Remembering the Future: A Journey with the Earth Elders

Photo credit: Courtney Louise / The King’s Foundation
In early July, Ostara supported a group of indigenous elders on a journey across the UK — a quiet pilgrimage to reconnect with sacred sites, ancestral waters, and centres of learning. The Earth Elders, who carry deep cultural, ecological, and spiritual knowledge from across the Americas, the Pacific, and Africa, have been close collaborators of Ostara since our founding. Our relationship began in June 2024, when we sat together in circle around a fire at the Oxford Nature-Based Solutions Conference — a fire that marked the launch of Ostara.
The Earth Elders’ visit to the UK began with an extraordinary day — again around a fire at Highgrove, hosted by His Majesty the King. You can read more about that gathering in this BBC article. I had the honour of designing and accompanying the journey that followed: from the wild valley of Embercombe, to the ancient spring of Blick Mead — the cradle of Stonehenge — to the halls of Oxford University. This was not a tour or a delegation. It was a deliberate invitation to walk together, to listen, and to begin restoring relationships between people, place, and knowledge.
At Ostara, we believe that meaningful systems change, and our ability to reimagine the future, cannot happen through policy and innovation alone. It must be rooted in reconnection: to self, to community, and to the Earth. We are living in a time when many of our dominant systems — economic, political, even ecological — are unravelling. But alongside this collapse, we see new possibilities emerging. This journey invited us to ask what becomes possible when Indigenous wisdom is brought into meaningful dialogue with Western thinking, not as an add-on, but as a guide toward a different future. A future we will only find if we walk together — blending ancient and modern ways of knowing, being, and imagining what comes next.
Embercombe: Youth and Elders in Circle
When the Earth Elders arrived at Embercombe — a hidden valley in Devon and a place that pairs inner growth with outer action — they were welcomed with song by the young participants of The Catalyst, a transformational programme for 18–25-year-olds. We sat in circle around the fire, sharing stories and reflections. For the Elders, it was a powerful shift from high-level conversations in royal gardens to the raw, real presence of the next generation. They spoke with weight and hope: reminders that wisdom must pass from generation to generation, not as instruction but as invitation.
The next morning, the Elders walked the land with Mac Macartney, Embercombe’s founder, who shared stories of the valley’s transformation over the past 25 years from overgrazed pasture to a thriving sanctuary where people connect deeply to the wild land around them and their wild nature within. At the Stone Circle, we paused in reverence. The Elders shared how they felt a deep resonance there — a sense of connection with other sacred places and other communities doing the work of remembering. A fire was started with a traditional hand drill, and as the ember came to life, it was passed from person to person, each of us breathing it into flame. A quiet ritual of shared breath and continuity.

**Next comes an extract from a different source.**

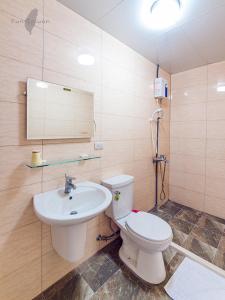 a bathroom with a toilet and a sink at 巨缿民宿巨象民宿 in Sanyi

Blick Mead: The Memory of Water
From Embercombe, we travelled to Blick Mead: an ancient spring near Stonehenge with evidence of continuous human settlement for over 10,000 years. It has often been called the ‘Cradle of Stonehenge’. Charlotte Pulver, a long-time guardian of the spring, led us in ceremony at the water’s edge. As the Elders made offerings, ancient Yew trees stood in silent witness. It felt like a conversation with the land itself.
The water from the ceremony was carried to Stonehenge and poured onto the stones, and a few drops were added to a vial the Elders carried with them — waters from sacred sites around the world, now joined by this place and this moment.
Oxford: Listening in Circle
Our time in Oxford brought the journey full circle — not in conclusion, but as a deeper point of inquiry. The Earth Elders were welcomed by professors, researchers, and students working on nature-based solutions and exploring what nature-centric education might mean. But instead of gathering in rows, we sat together in circle. The Elders shared their vision for a University of Mother Earth and the Houses of Original Thought, and spoke with clarity and humility about what true knowledge exchange could look like.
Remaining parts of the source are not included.